En effet, la première attribution est une occasion unique d'attribuer en une seule fois un nombre significatif de logements et d'agir effectivement sur le peuplement d'une résidence et d'un quartier en disposant d'environ la moitié des droits d'attribution.

C'est également un moment très important pour les maires, qui ont soutenu un programme de logement social, pour démontrer qu'il est au profit des demandeurs de la commune. On peut penser que ce sera une forte incitation et une facilitation pour l'application de la loi SRU qui reste difficile dans nombre de territoires.

Or, cette possibilité existe déjà et se pratique dans plusieurs territoires, dont les Yvelines, mais reste peu connue.

En effet, elle résulte de l'interprétation souple de l'article 2 du décret n° 2020-145 du 20 février 2020 qui a été codifié dans l'article R. 441-5 du CCH qui porte sur les conventions de réservation entre les réservataires et les bailleurs et la gestion en flux des attributions.
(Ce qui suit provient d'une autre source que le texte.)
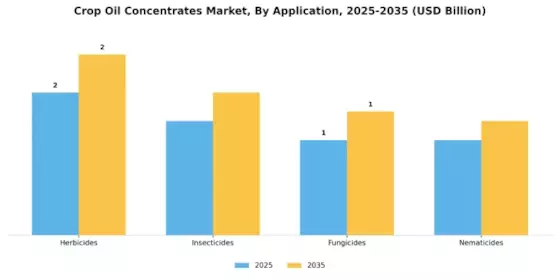 Crop Oil Concentrates Market Segment Image 0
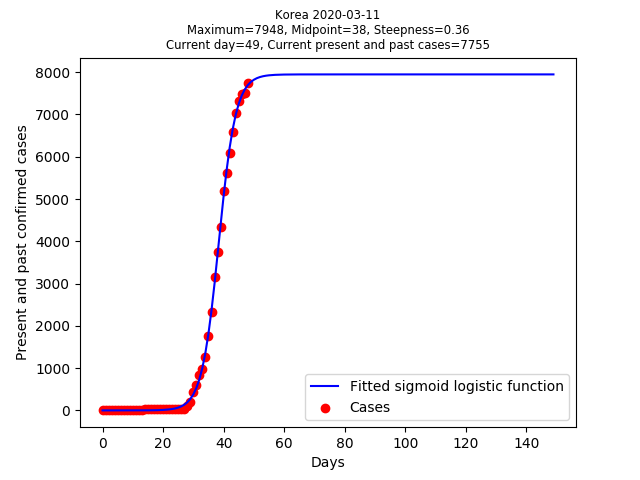 82598_COVID19_sigmoid_Korea_2020_03_11.png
Si les réservations s'exercent dès la première mise en location des logements et au fur et à mesure qu'ils se libèrent, la convention de réservation peut préciser « les modalités de la concertation que l'organisme bailleur organise avec l'ensemble des réservataires concernés relativement aux désignations sur les logements mis en location lors de la première mise en service d'un programme ».

La commission a donc décidé de formaliser beaucoup plus explicitement et de généraliser dans la loi ce qui n'est aujourd'hui qu'une faculté.

La commission a adopté l'article ainsi modifié.


* 9 Article 58 de la loi n° 2003-710 du 1 août 2003.

* 10 Article 75 de la loi n° 2017-86 du 27 janvier 2017 relative à l'égalité et à la citoyenneté.

* 11 Article 109 de la loi n° 2018-1021 du 23 novembre 2018 portant évolution du logement, de l'aménagement et du numérique.